**TASK DATA**
----------
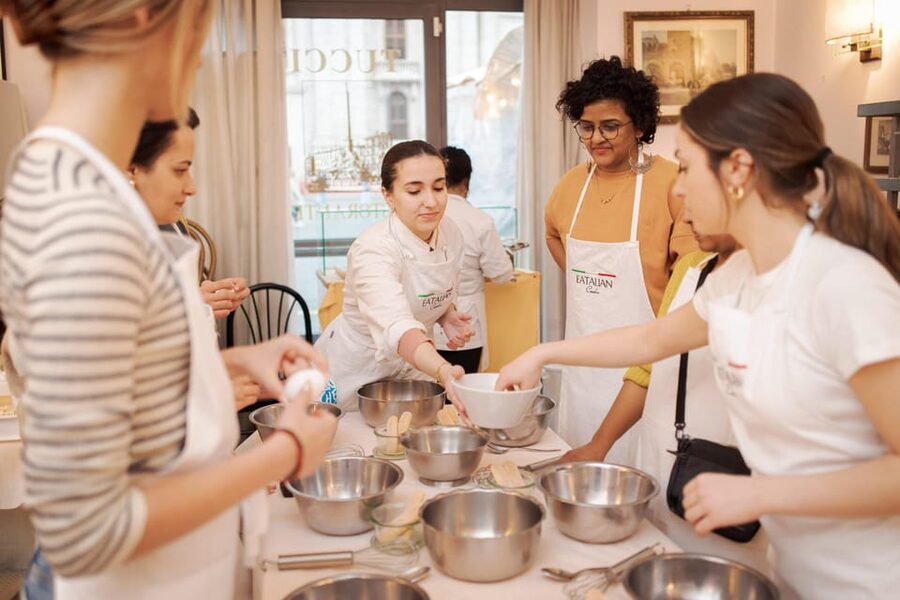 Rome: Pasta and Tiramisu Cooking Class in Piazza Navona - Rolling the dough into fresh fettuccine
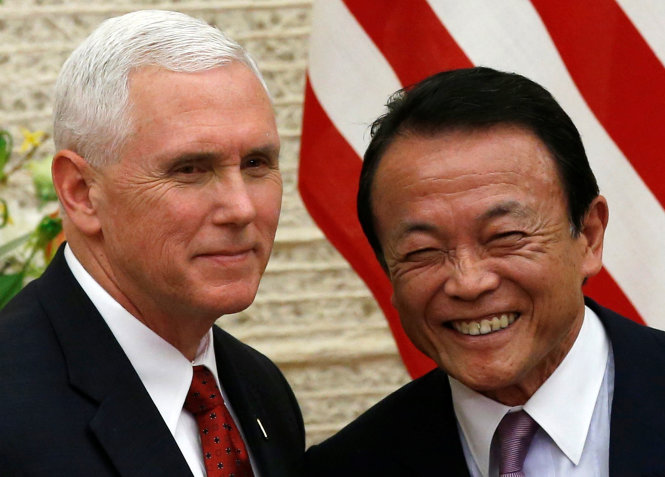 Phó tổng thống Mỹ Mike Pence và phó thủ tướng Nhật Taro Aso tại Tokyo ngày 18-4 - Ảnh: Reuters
----------
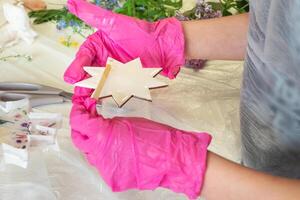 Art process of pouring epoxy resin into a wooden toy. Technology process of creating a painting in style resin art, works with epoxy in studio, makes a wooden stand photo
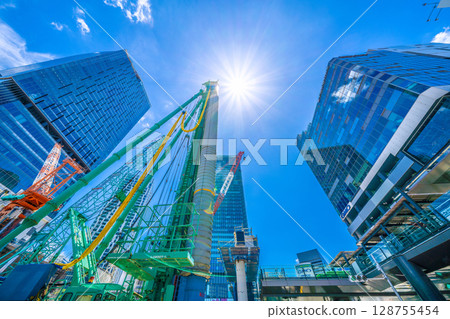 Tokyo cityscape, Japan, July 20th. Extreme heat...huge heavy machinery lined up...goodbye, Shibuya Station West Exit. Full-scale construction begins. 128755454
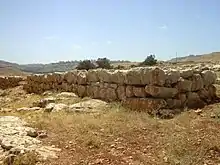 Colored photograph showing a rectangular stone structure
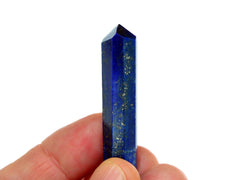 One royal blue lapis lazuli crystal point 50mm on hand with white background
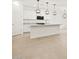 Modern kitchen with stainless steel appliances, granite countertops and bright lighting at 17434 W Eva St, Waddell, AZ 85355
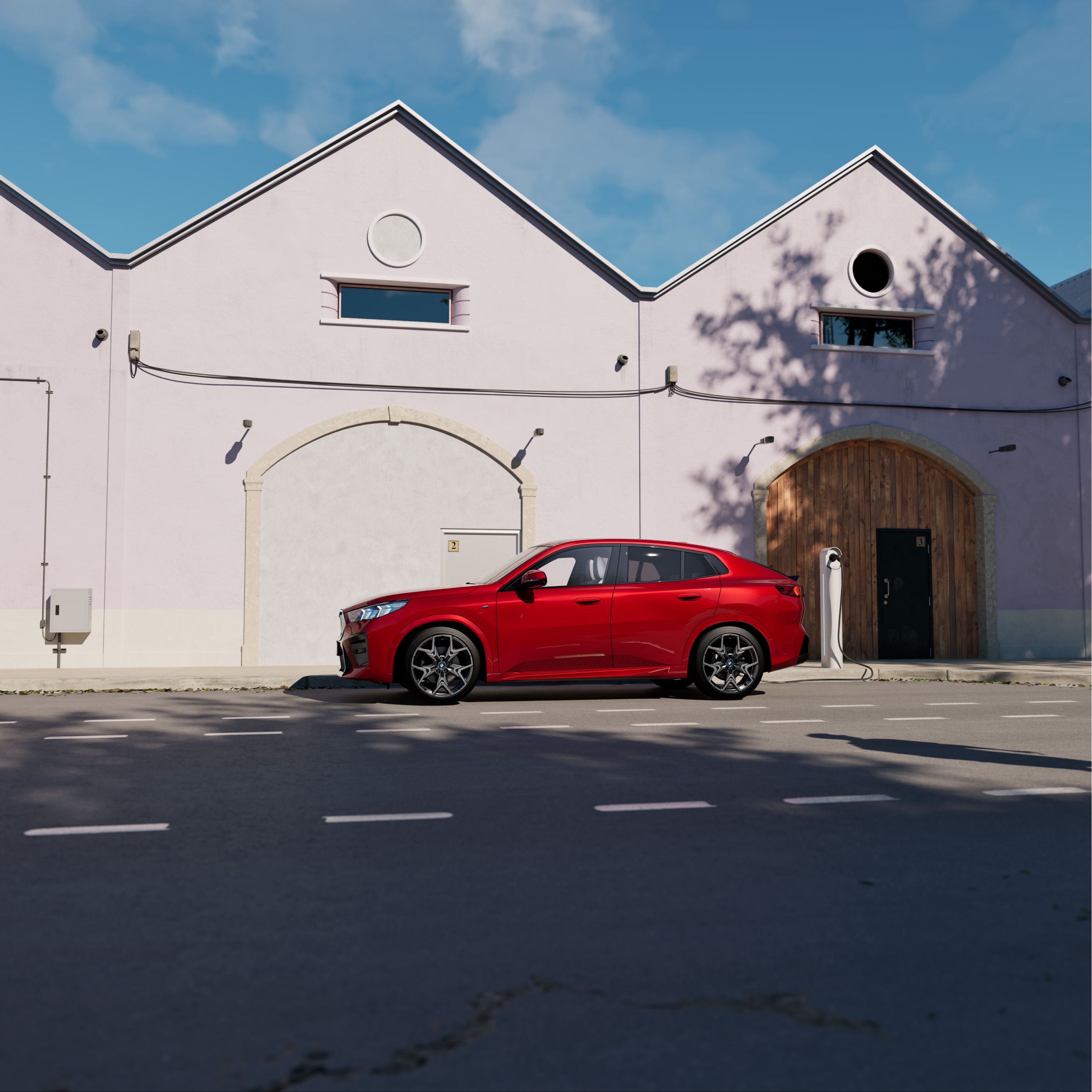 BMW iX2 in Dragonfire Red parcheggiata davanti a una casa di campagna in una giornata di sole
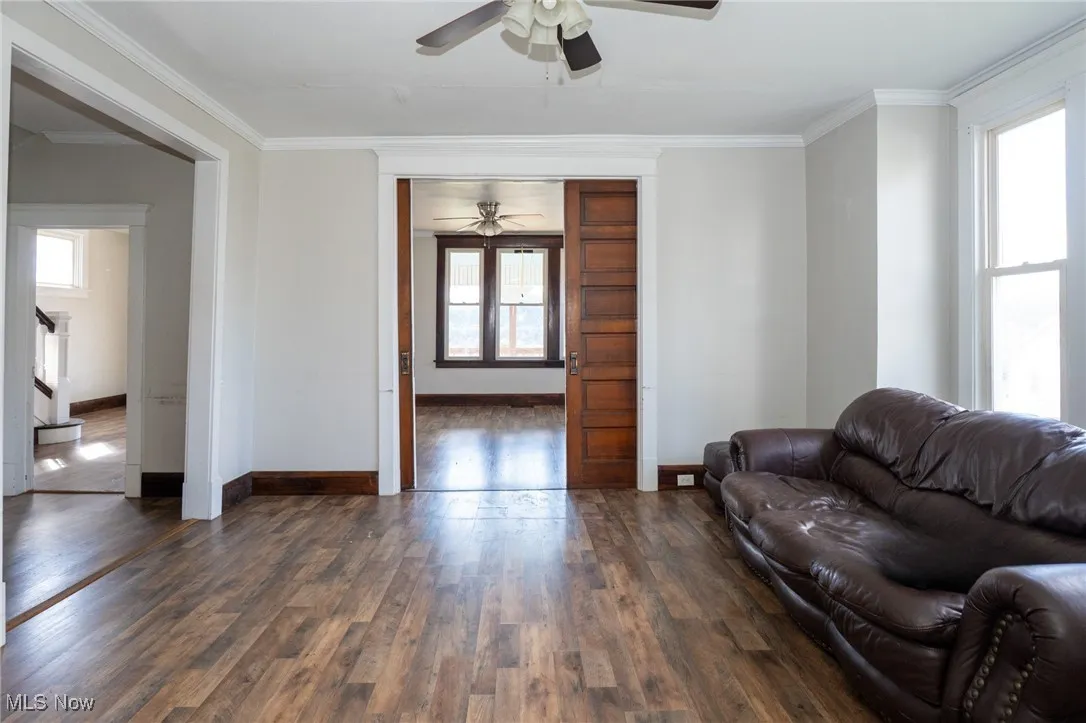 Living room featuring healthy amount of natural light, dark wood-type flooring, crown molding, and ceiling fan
----------
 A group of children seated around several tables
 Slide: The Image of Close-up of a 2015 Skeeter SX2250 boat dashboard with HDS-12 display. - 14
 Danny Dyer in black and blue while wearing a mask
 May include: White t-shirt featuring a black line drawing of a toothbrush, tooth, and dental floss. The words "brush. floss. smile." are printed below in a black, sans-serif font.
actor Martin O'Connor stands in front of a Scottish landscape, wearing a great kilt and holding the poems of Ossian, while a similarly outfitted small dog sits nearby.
----------
**WORK INSTRUCTION**
Everything above from the line that has "Colored photograph showing" down to the line that has "Living room featuring" should be output exactly, with both of those lines included. Leave the pictures behind.

**OUTPUT**
 Colored photograph showing a rectangular stone structure
 One royal blue lapis lazuli crystal point 50mm on hand with white background
 Modern kitchen with stainless steel appliances, granite countertops and bright lighting at 17434 W Eva St, Waddell, AZ 85355
 BMW iX2 in Dragonfire Red parcheggiata davanti a una casa di campagna in una giornata di sole
 Living room featuring healthy amount of natural light, dark wood-type flooring, crown molding, and ceiling fan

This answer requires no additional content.